Body weight in ten-week old FATZO mice averaged 36.0 ± 0.4 g at study start. Administration of rosiglitazone 10 mg/kg/day elicited a significant increase in body weight compared to vehicle treated animals over the 8-week observation period (1.8 ± 0.2 vs. 5.3 ± 0.7 g, p < .05). In contrast, metformin treatment resulted in a slight although significant loss of body weight compared to vehicle treated animals (1.8 ± 0.2 vs. -0.2 ± 0.6 g, p < .05).
Serum glucose concentrations in the fed state were 315.6 ± 35.4 mg/dL in animals administered vehicle for 8 weeks. Serum glucose concentrations were somewhat lower compared to vehicle following treatment with rosiglitazone but did not reach statistical significance (315.6 ± 35.4 vs. 233.3 ± 7.7 mg/dL) and significantly reduced with metformin (315.6 ± 35.4 vs. 250.0 ± 12.8 mg/dL, p < .05).

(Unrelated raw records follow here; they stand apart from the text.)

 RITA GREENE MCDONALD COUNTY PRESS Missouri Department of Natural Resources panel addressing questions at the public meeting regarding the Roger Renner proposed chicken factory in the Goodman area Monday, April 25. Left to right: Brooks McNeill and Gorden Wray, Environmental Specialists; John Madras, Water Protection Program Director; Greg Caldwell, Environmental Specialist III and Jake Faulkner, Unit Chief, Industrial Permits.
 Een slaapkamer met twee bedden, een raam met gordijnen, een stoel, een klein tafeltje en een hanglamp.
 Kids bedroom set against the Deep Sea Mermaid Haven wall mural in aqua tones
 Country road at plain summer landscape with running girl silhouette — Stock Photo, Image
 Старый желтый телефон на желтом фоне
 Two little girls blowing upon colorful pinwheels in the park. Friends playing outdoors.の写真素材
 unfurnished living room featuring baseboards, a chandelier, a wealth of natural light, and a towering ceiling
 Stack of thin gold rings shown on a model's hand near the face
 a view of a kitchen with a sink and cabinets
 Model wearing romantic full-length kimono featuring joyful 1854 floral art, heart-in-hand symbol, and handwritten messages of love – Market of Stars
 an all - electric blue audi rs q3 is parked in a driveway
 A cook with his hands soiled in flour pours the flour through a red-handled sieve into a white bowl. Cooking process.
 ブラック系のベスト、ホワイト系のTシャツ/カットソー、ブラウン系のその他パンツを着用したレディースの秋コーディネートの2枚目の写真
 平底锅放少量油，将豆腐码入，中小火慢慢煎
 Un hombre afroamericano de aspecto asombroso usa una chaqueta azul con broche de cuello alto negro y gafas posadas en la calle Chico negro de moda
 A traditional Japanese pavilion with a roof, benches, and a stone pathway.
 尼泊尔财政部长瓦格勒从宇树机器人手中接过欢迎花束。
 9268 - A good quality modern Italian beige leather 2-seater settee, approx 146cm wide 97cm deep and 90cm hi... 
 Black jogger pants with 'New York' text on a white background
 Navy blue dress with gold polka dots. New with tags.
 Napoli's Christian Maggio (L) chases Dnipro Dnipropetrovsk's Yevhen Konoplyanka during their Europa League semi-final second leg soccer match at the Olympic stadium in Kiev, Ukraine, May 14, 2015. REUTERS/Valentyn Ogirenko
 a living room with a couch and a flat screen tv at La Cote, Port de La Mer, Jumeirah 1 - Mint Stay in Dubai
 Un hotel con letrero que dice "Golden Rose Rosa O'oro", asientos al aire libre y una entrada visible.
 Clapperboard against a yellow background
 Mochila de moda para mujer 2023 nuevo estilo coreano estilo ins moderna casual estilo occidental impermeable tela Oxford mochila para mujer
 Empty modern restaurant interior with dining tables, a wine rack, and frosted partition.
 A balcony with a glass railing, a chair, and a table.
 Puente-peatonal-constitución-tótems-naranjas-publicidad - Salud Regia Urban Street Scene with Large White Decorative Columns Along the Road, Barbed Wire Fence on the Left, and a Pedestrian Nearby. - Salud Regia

The area under the curve (AUC) for glucose (Fig 4A) was reduced significantly compared to vehicle following administration of both compounds for 8 weeks. However, only metformin elicited significant improvements in insulin AUC and in the calculated insulin sensitivity index (ISI) (Fig 4B and 4C).
[Figure omitted. See PDF.]
Fig 4. Area under the curve (AUC) analysis of glucose (A) and insulin (B) responses during OGTT and calculated insulin sensitivity index (C)(ISI) in FATZO mice following an 8-week administration of rosiglitazone or metformin.
Both insulin sensitizers elicited significant reductions in the AUC for glucose in FATZO mice (A). Although it is reduced, insulin AUC did not reach significance for the rosiglitazone group but it did for the metformin group (B). Significant improvement in ISI was also demonstrated with metformin treatment and, although improved, rosiglitazone treatment did not reach statistical significance when compared to vehicle (one-way ANOVA, * p < .05 when compared to vehicle).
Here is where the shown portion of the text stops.